● What is needed
Find the line in the material below that contains "Royal Moby #2 growlog timeline photo", then give it again, with all later lines, exactly as shown.

● Exercise input
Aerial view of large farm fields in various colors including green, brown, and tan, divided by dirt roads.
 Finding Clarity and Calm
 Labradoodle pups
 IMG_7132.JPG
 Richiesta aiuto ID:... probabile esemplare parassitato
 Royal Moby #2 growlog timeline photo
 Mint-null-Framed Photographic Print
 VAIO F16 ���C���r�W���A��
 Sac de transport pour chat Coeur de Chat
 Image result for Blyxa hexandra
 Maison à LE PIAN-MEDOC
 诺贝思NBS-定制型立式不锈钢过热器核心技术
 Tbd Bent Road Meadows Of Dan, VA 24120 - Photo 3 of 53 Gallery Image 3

● Solution for this exercise
 Royal Moby #2 growlog timeline photo
 Mint-null-Framed Photographic Print
 VAIO F16 ���C���r�W���A��
 Sac de transport pour chat Coeur de Chat
 Image result for Blyxa hexandra
 Maison à LE PIAN-MEDOC
 诺贝思NBS-定制型立式不锈钢过热器核心技术
 Tbd Bent Road Meadows Of Dan, VA 24120 - Photo 3 of 53 Gallery Image 3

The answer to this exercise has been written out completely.